WORK ORDER —
Given the listing below, write out exactly the lines starting with the line that has "гидра Алзамай" and going on through the line that has "Продам 2 кімнатну", both kept.

EXERCISE INPUT —
--------------------

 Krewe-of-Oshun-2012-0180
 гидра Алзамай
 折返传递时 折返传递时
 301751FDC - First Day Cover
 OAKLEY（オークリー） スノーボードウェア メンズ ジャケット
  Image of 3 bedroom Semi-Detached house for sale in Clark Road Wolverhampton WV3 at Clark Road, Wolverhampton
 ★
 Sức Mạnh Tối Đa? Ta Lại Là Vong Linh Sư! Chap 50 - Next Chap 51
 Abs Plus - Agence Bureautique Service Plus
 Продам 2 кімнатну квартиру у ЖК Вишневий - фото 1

--------------------

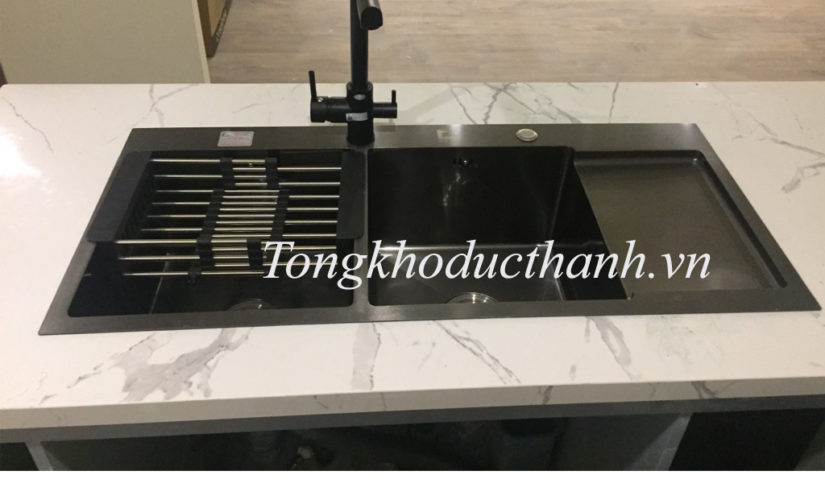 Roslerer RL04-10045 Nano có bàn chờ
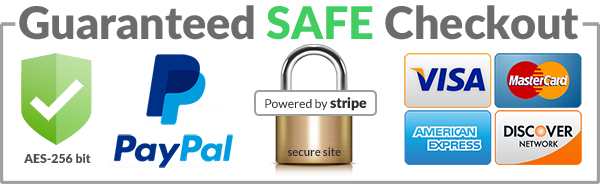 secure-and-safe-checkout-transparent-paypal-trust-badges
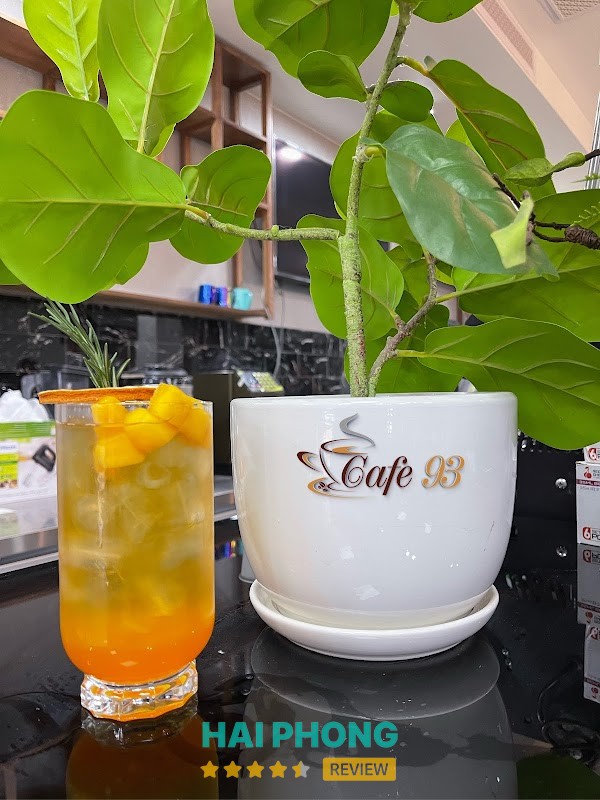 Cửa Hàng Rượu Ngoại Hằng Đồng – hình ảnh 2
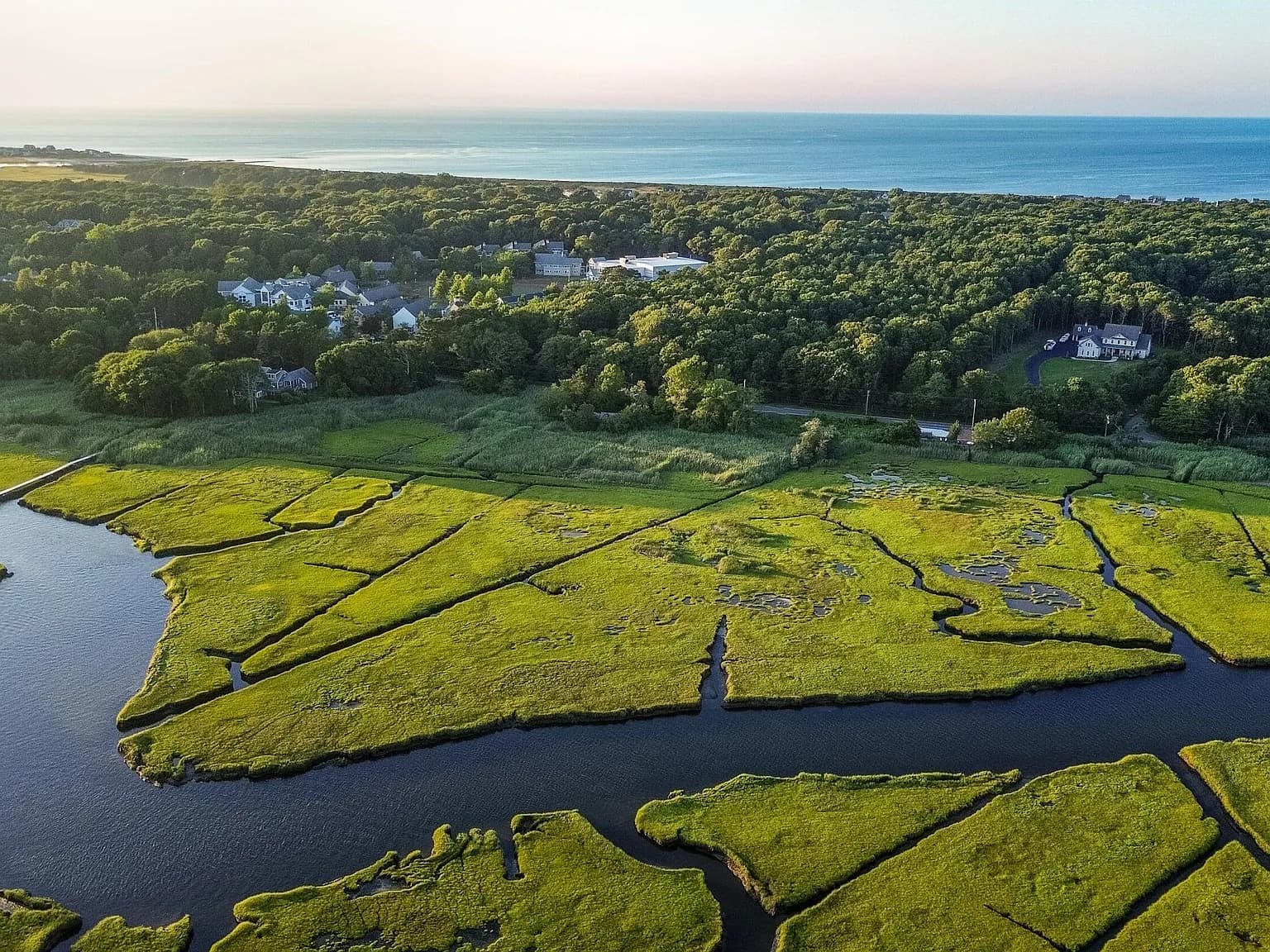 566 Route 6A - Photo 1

--------------------

YOUR SOLUTION —
 гидра Алзамай
 折返传递时 折返传递时
 301751FDC - First Day Cover
 OAKLEY（オークリー） スノーボードウェア メンズ ジャケット
  Image of 3 bedroom Semi-Detached house for sale in Clark Road Wolverhampton WV3 at Clark Road, Wolverhampton
 ★
 Sức Mạnh Tối Đa? Ta Lại Là Vong Linh Sư! Chap 50 - Next Chap 51
 Abs Plus - Agence Bureautique Service Plus
 Продам 2 кімнатну квартиру у ЖК Вишневий - фото 1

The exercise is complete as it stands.